• _Material supplied_:
----------------
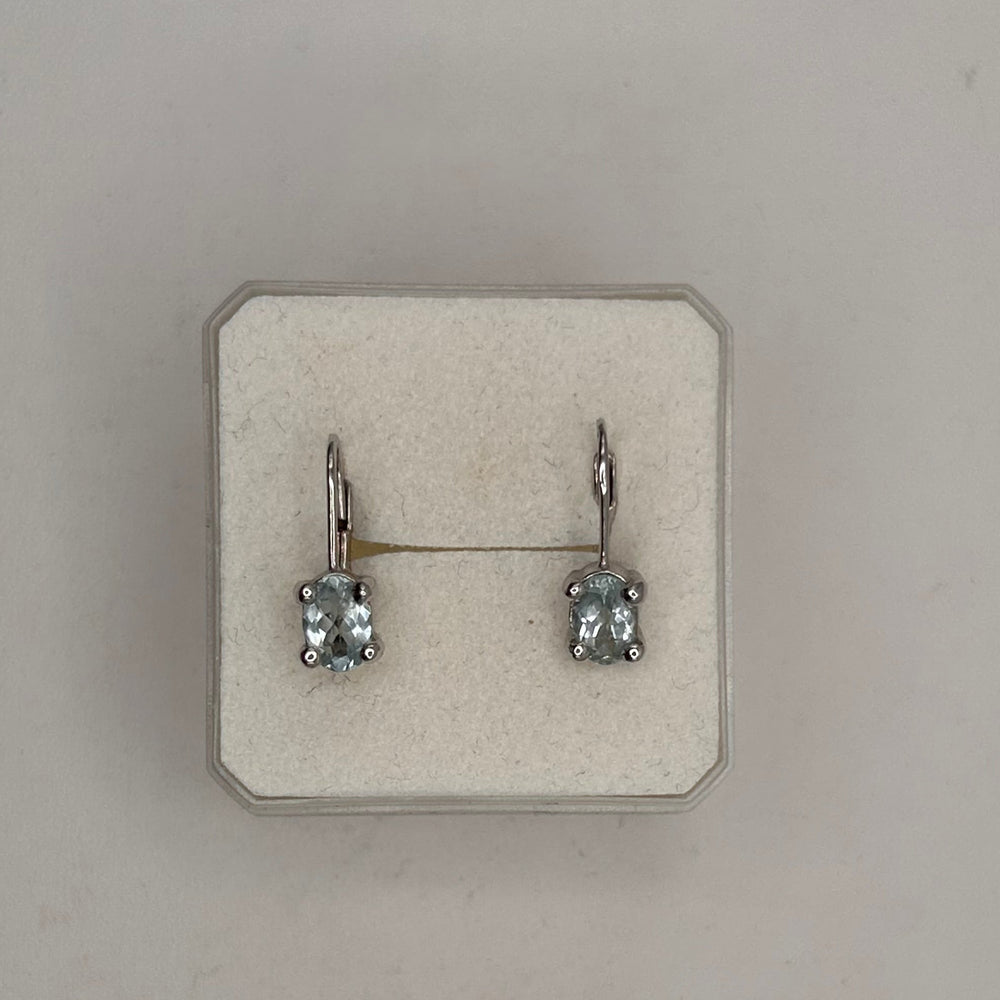 Boucles d'oreilles dormeuses en or blanc 18K - Aigue-marine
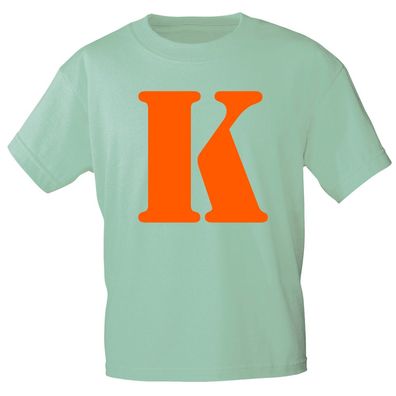 Kinder T-Shirt mit Print Buchstabe - K - 85130 Mintgrün Gr. 110/116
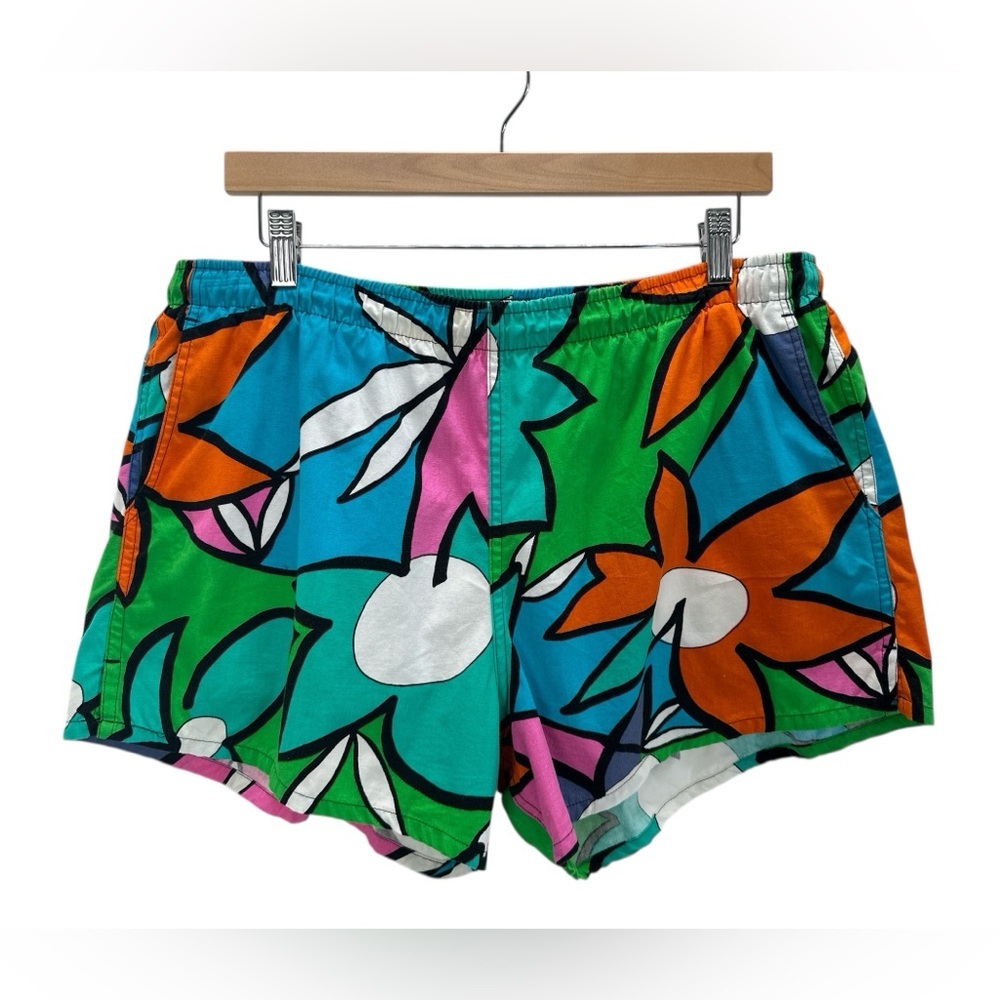 Original Jams World Surf Shorts 80s 90s Floral Neon Hawaiian Board Trunks XL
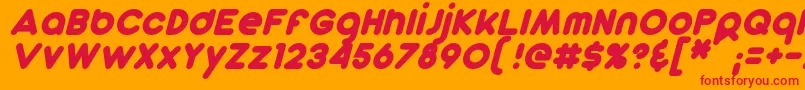 Fonte DunkinSansItalic – fontes vermelhas em um fundo laranja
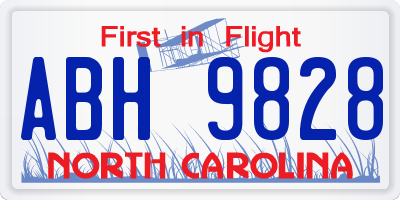 NC license plate ABH9828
----------------
• _Goal of the exercise_: Produce a verbatim transcription of every line in the listing, images omitted.

• _Exercise response_:
 Boucles d'oreilles dormeuses en or blanc 18K - Aigue-marine
 Kinder T-Shirt mit Print Buchstabe - K - 85130 Mintgrün Gr. 110/116
 Original Jams World Surf Shorts 80s 90s Floral Neon Hawaiian Board Trunks XL
 Fonte DunkinSansItalic – fontes vermelhas em um fundo laranja
 NC license plate ABH9828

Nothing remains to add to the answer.